Poussons le principe encore plus loin. Le blockchain est un excellent support de la démocratie. C’est même le cas de base proposé par Ethereum. Chaque participant peut faire une proposition qui est acceptée ou non si les votes positifs sont suffisants. Le cadre de l’organisation, les propositions possibles, peuvent être définis initialement ou même évoluer à partir des propositions au sein même du groupe. L’implémentation du Bitcoin fait l’objet en ce moment même d’une campagne on ne peut plus démocratique par rapport à la limite en taille du bloc : les différentes implémentations coexistent et ne survivra que celle qui réussira à dominer en puissance de calcul, puisque ce sera celle résoudra le plus de blocs.

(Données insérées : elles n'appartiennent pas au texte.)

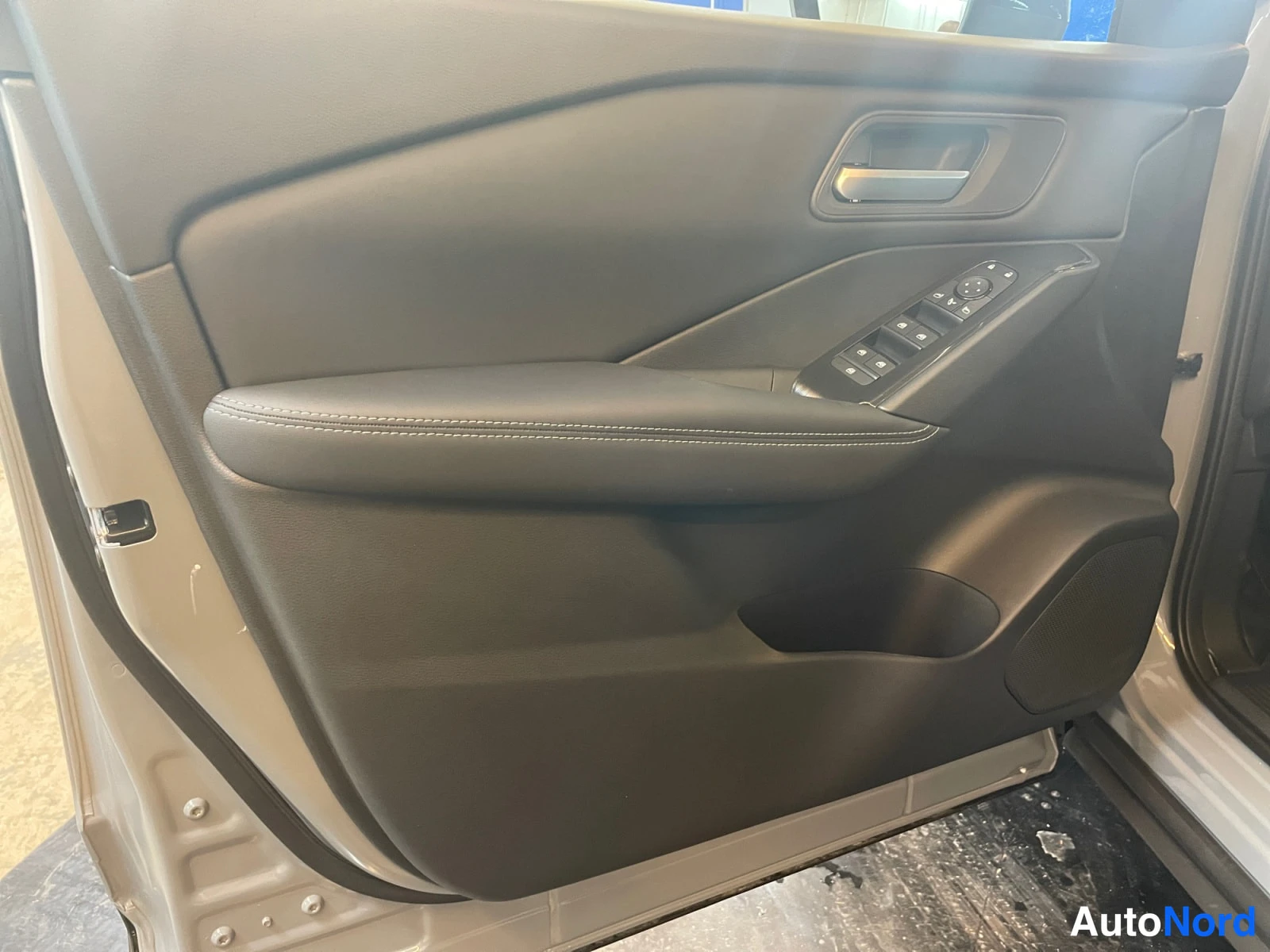 Grey Nissan Qashqai 2026, photo 12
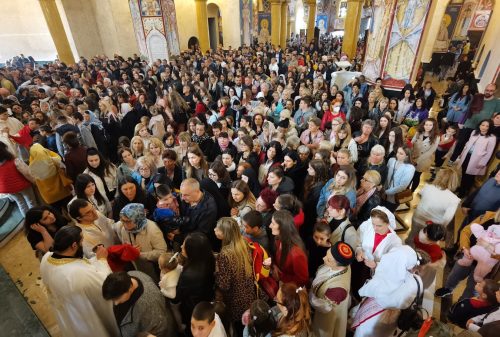 Read more about the article Прослава Васкрса у барском саборном храму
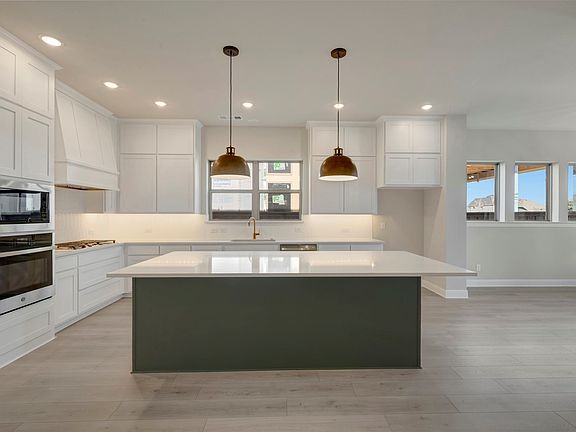 7th image of this home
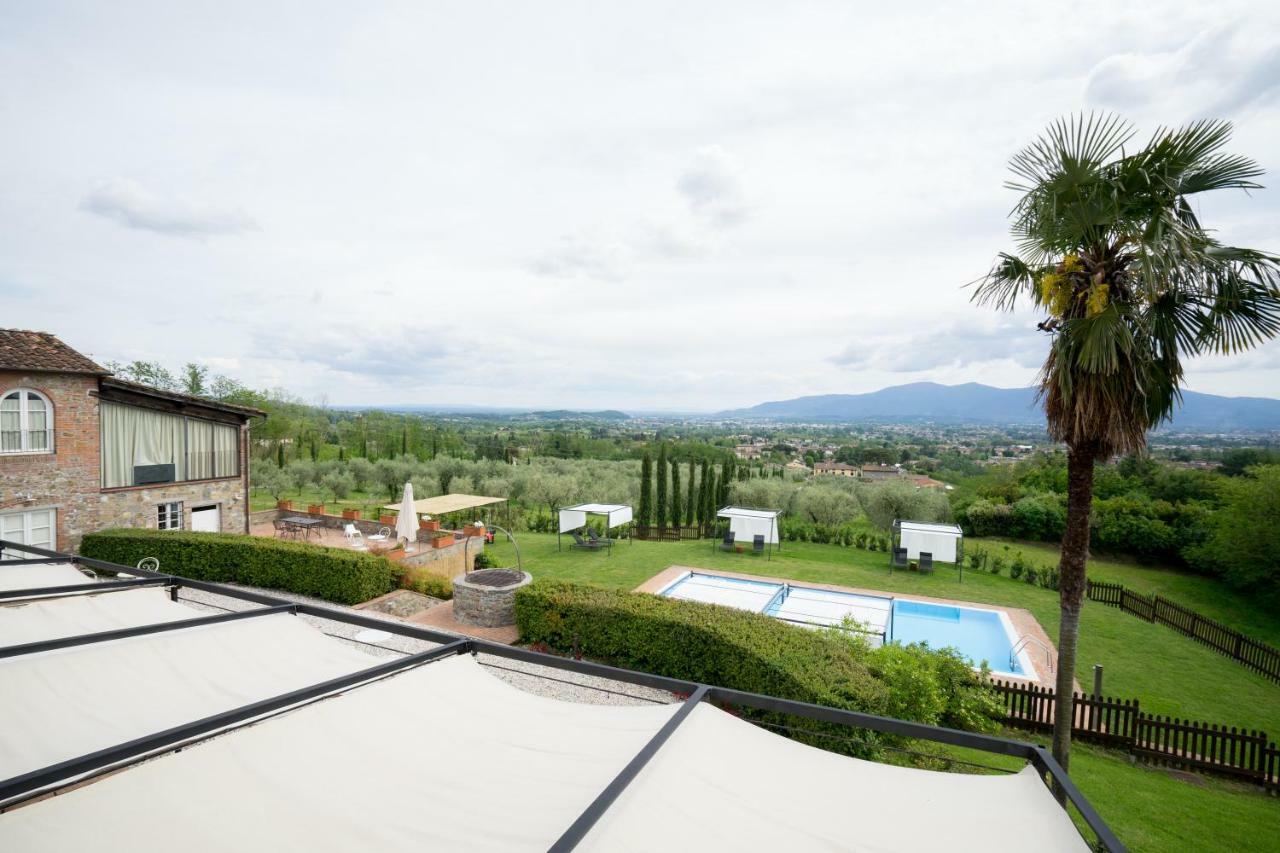 Accogliente Alloggio Con Vista E Piscina Lucca Bagian luar foto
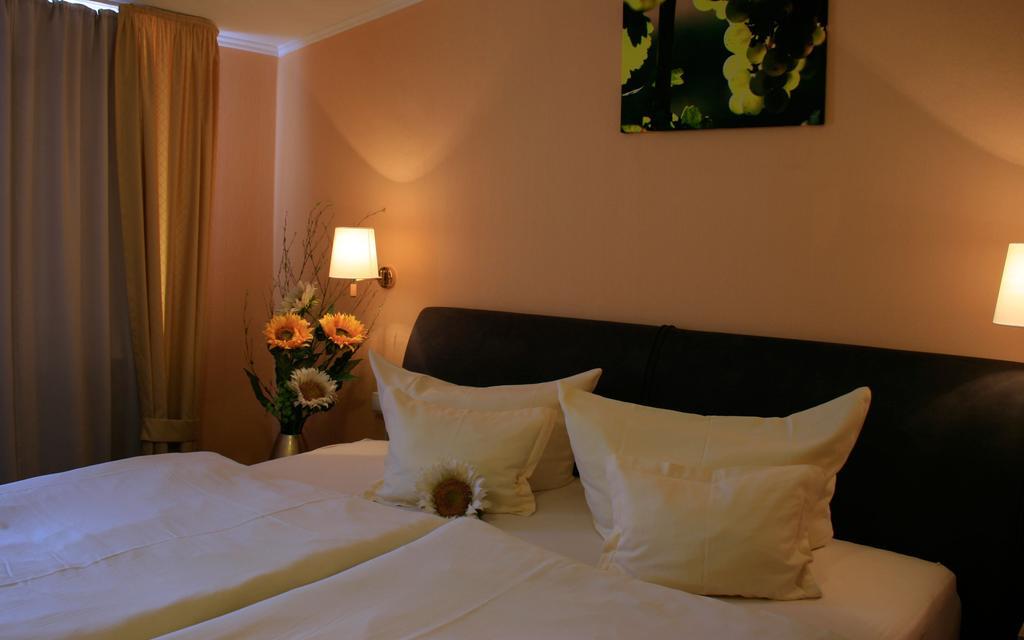 Weinhotel Sonnenschein ارنست الغرفة الصورة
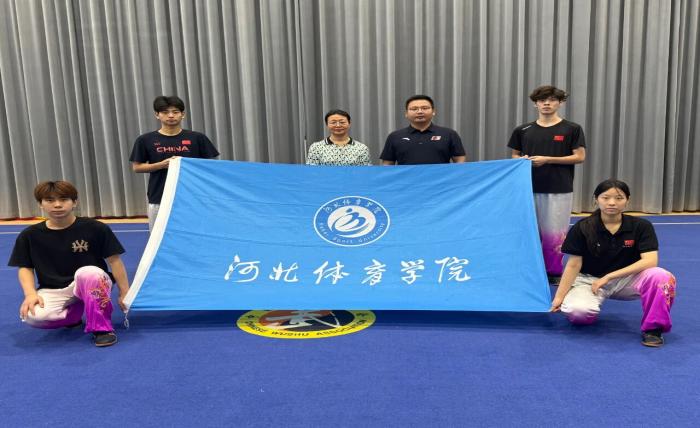 谈球吧超级联赛图片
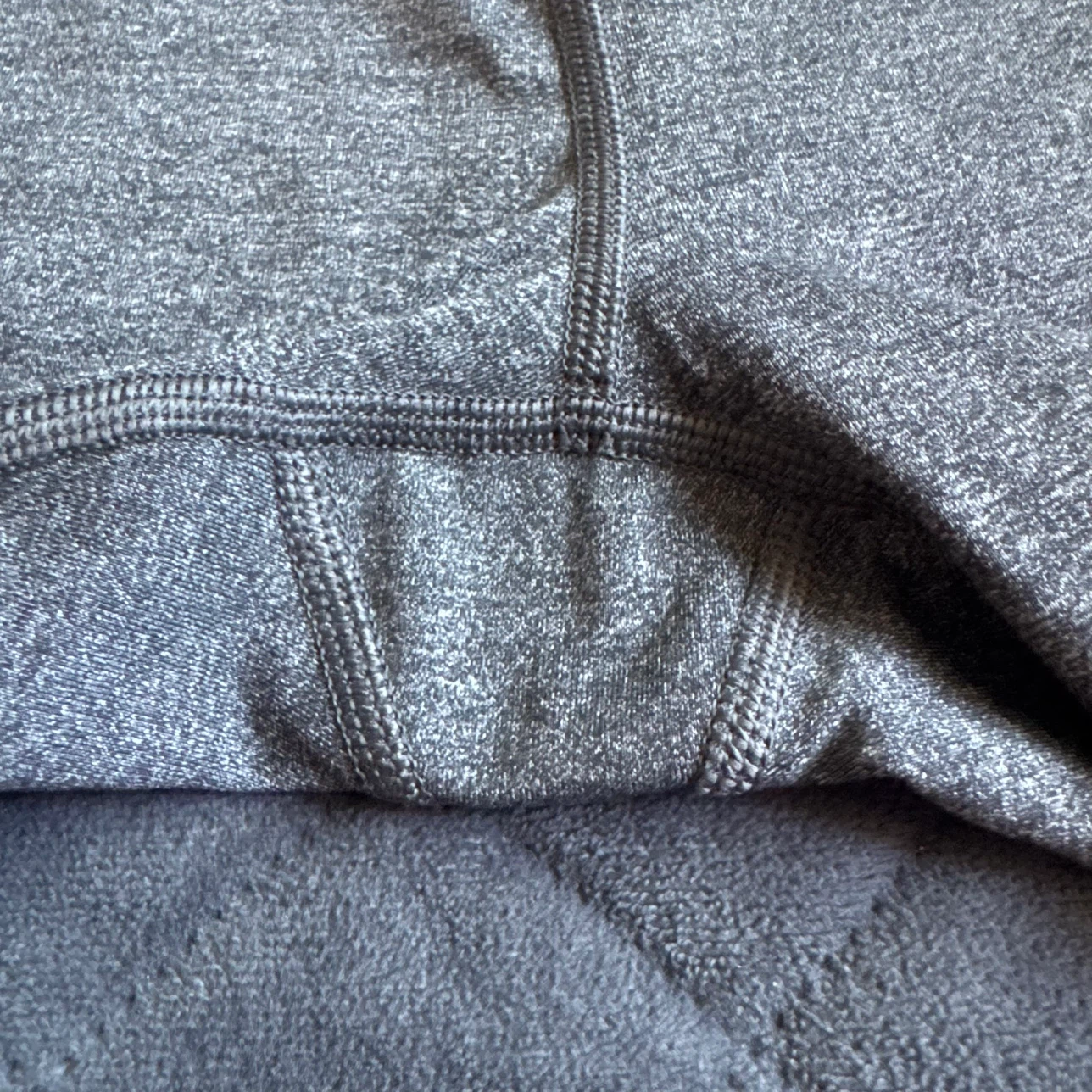 LululemonGrey Active Leggings size 4 Very good condition - photo 4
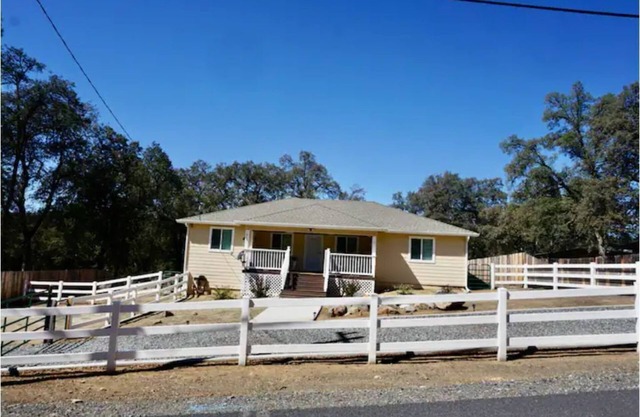 Cozy 3 bedroom 2 bath countryside home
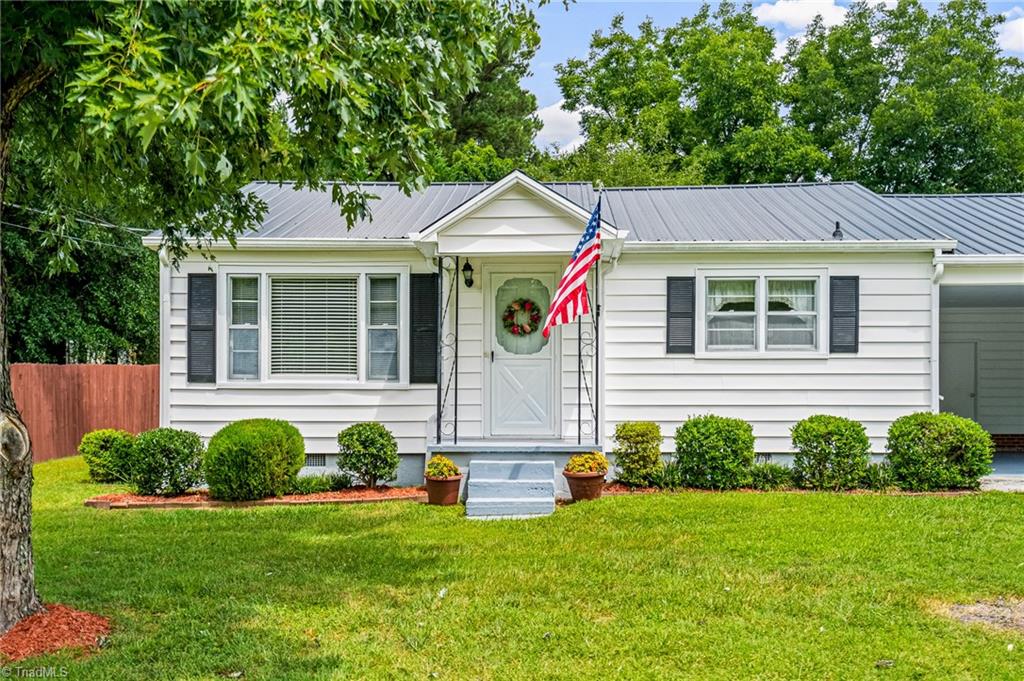 225 Lake Road Thomasville, NC 27360 - Photo 5 of 24 Gallery Image 5
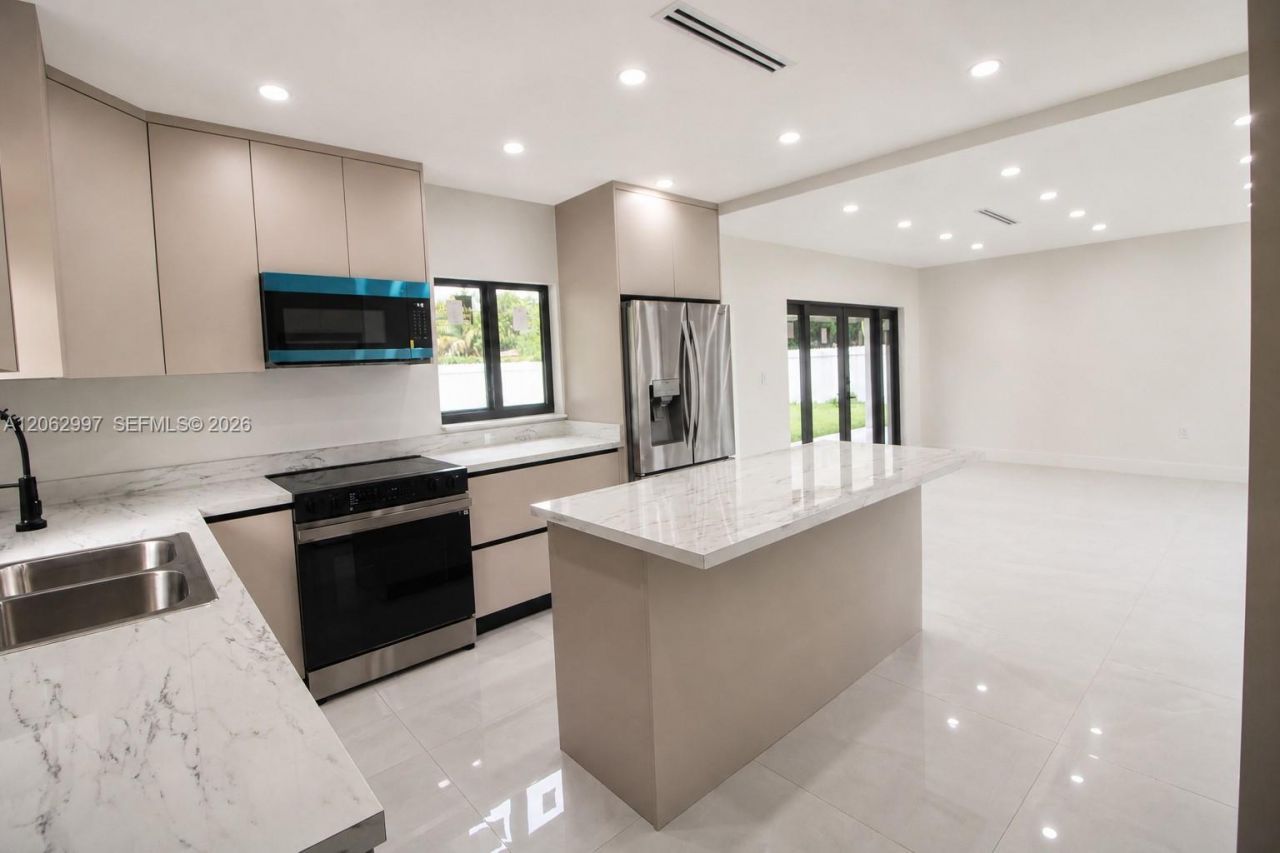 1571 NW 132nd St, Miami, FL 33167 Photo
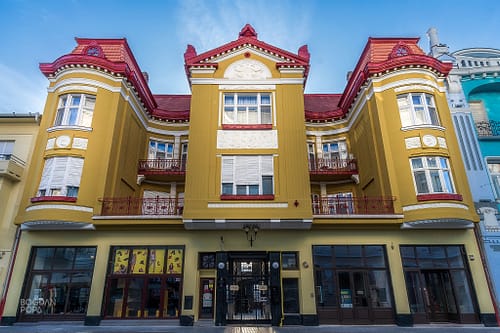 Clădire de pe Calea Republicii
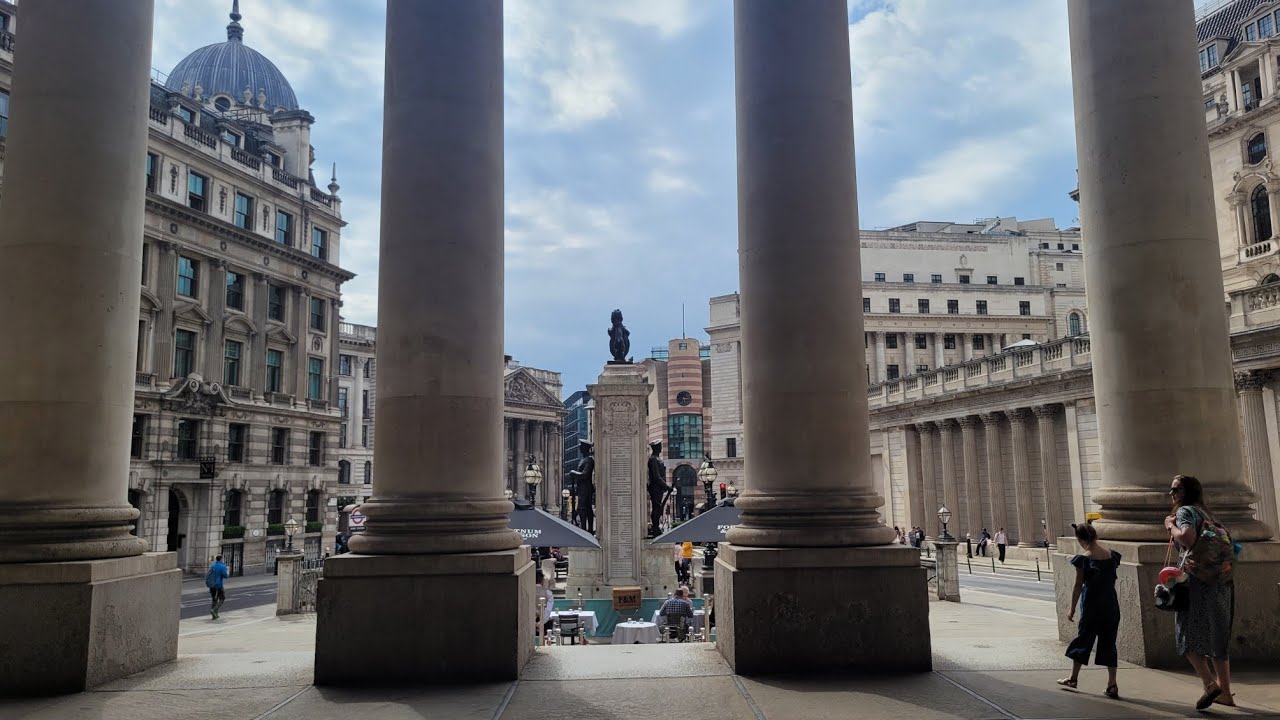 Queenie And The City: Temple Bar Memorial & The Royal Exchange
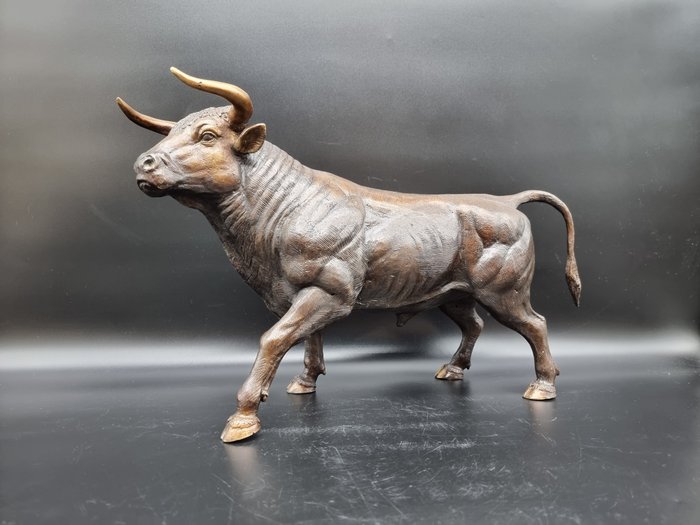 Statue, XL Bronze Bull Hand-Crafted - 28 cm - Bronze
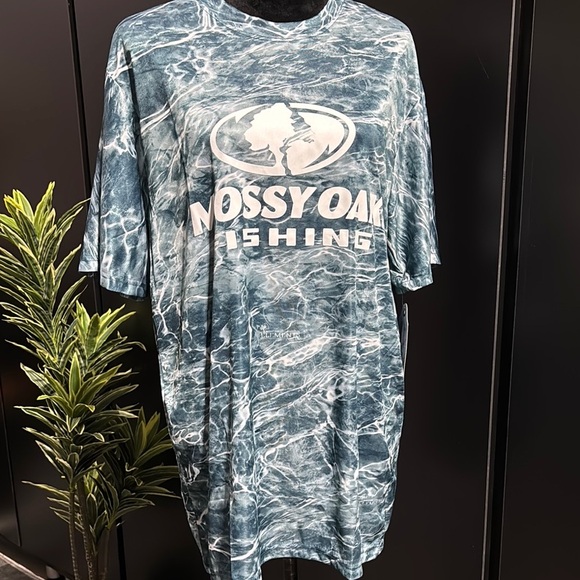 Mossy Oak Elements Fishing, 40 UPF Sun protection,crewneck,water pattern,stretch - Picture 1 of 9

Et dans le cas de l’entreprise ? L’utilisation des smart contracts permet de rémunérer le travail de manière beaucoup plus claire. Le paiement est automatique dès l’instant que la production remplit les conditions requises et la définition de paiements intermédiaires est toute naturelle dans cette optique. Mieux encore, le cadre même de l’entreprise peut être directement et entièrement défini via le blockchain au niveau de sa stratégie, ses besoins, sa rémunération, … L’entreprise est alors autonome puisqu’elle n’a plus besoin de ses créateurs, transparente car sa politique et son activité sont publiques et auditables, incorruptible car, eh bien, c’est une machine, auto-régulée grâce à ses propres règles, sécurisée grâce à sa distribution à travers le réseau… Tout cela est rendu possible grâce à l’automatisation du code et son inviolabilité dans le blockchain.
Émerge alors un nouveau paradigme dit du : « code is law » dans lequel tout le système repose sur le code open source qui fait foi. La transparence et l’égalité sont remises sur le devant de la scène dans un espace aux nouvelles règles. Mais qui dit nouvelles règles dit aussi adaptation de la société. Encore plus qu’internet, le monde du blockchain est un nouveau monde à construire. Il peut apporter beaucoup, mais il peut également ramener la précarité du travail à la pièce. Ou encore la manipulation et la tyrannie de la note utilisateur qu’on trouve déjà sur Tripadvisor ou Uber. Aussi, l’identité réelle derrière un compte étant actuellement difficile à vérifier, il faut savoir si on veut utiliser ce point en tant que feature ou si on veut s’en prémunir pour éviter les attaques Sybille. Par ailleurs, le monde du blockchain demandant de manipuler des concepts cryptographiques, il n’est pas forcément encore évident d’adopter les bonnes pratiques de sécurité.
C’est pourquoi il est nécessaire de définir ce qu’on attend du blockchain et des DAO. Le temps est à l’exploration et la réflexion et c’est maintenant qu’il faut définir les standards de ce nouvel univers. C’est un espace qu’il est à nous de construire.